If you have found this section of our website, you have likely been referred to our facility for expert surgical management of endometriosis or are seeking information or perhaps a second opinion for surgical management of endometriosis. This section should help to educate you on excision surgery, what it means to be a true expert in excision surgery for endometriosis and the importance of a strong “team approach” to the surgical management of endometriosis. If you are not considering surgery at our facility, but need to know what to ask for of your prospective surgeon, this section should be helpful as well.
Excision Surgery - The New "Gold Standard"
In the medical field, a “gold standard” treatment for a disease is one that has been proven through validated clinical trials to have the best long-term outcomes and the least complications when compared to other methods of treatment. It simply means that there is no better treatment. For decades, it was taught to residents in OB/GYN training that surgical thermal or laser ablation of endometriosis and surgical excision of endometriosis provided similar outcomes. Experts in surgical management of endometriosis have known for years that this is not the case. Finally, we now have data from very good clinical trials that excision surgery for endometriosis is far superior to ablation. In the case of surgical management for treatment of endometriosis, the gold standard is now complete and total surgical excision of any and all visible implants of endometriosis with wide margins around all endometriosis and removal of all underlying scar tissue.
What is "Excision Surgery"?
The goal of excision surgery for endometriosis is to remove ALL implants of endometriosis with very wide margins with continued dissection until there is only healthy unscarred tissue left behind. It is only with this approach that surgical excision surgery will provide the best outcomes. If ANY lesions are left behind, then the surgery will result in a sub-optimal outcome. This is true because we have known for many years that the severity or “Stage” of endometriosis does not correlate well with the degree of symptoms that one experiences. In other words, someone can have one cluster of endometriosis and have such bad pain that they miss school or work during their menstrual cycle. Conversely,someone can have undiagnosed “Stage 4” endometriosis and not have any significant symptoms. Therefore, it is absolutely critical that ALL lesions of endometriosis be removed regardless of where they are located.

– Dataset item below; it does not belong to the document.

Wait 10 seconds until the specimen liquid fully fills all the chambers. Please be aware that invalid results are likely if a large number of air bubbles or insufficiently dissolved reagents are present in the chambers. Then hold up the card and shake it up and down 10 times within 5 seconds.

Traditional "ablation" surgery just eliminates the lesions on the surface and pain recurs within 6-12 months. With the "excision" method, the active surface lesions and the scar tissue underneath, that affects nerves and other structures such as the bowels, is completely removed. This leads to much better outcomes.
What is an "Excision Surgeon"?
Buyer Beware: Not all Excsions Surgeons are Created Equally.
Dr. Furr is considered to be an expert in surgical excision of endometriosis. He is fellowship-trained in this approach by Dr. C.Y. Liu who is one of the most influential pioneers in minimally invasive surgery for endometriosis of our time. True experts in minimally invasive (laparoscopic or robotic) excision surgery typically have 20-30 years of experience with this approach and/or are fellowship-trained in this type of surgery. Fellowship training for minimally invasive gynecologic surgery is governed by the American Association of Gynecologic Laparoscopists (AAGL) and these fellowships are some of the most competitive to obtain in all of medicine. However, graduation from fellowship does not automatically make one an expert in excision surgery. It takes years of post-graduate experience in a high-volume (typically considered to be over 300 cases per year) surgical practice that is focused on this type of surgery. Excision specialists must be able to devote many hours for a single complicated case. They must have extraordinary patience and pay meticulous attention to detail to be able to completely excise all lesions and scar tissue. They must have expertise in laparoscopic suturing and other minimally invasive approaches to repairing tissues and restoring normal anatomy in order to complete complete removal of all affected tissues. Likewise, a true excision specialist should have hospital privileges to excise endometriosis from any organ in the abdominal and pelvic cavities. This includes the surface of the liver and kidneys, diaphragm, bowels, appendix, bladder, ovaries,uterus, Fallopian tubes, ureters, lymph node chains and blood vessels. Lesions located inside the thoracic cavity and lungs or the bronchial tubes require the services of a cardiothoracic surgeon and pulmonologist respectively. For lesions located inside solid organs such as the kidneys, liver,spleen and pancreas, surgeons with privileges to remove lesions from these organs or, in some cases, the organ itself must be on board and familiar with surgical management of endometriosis in these organs. A true excision surgeon is the captain of the ship and will have a surgical team assembled to address any and all lesions of endometriosis in order to provide the patient with the best long-term outcome from a single surgical procedure.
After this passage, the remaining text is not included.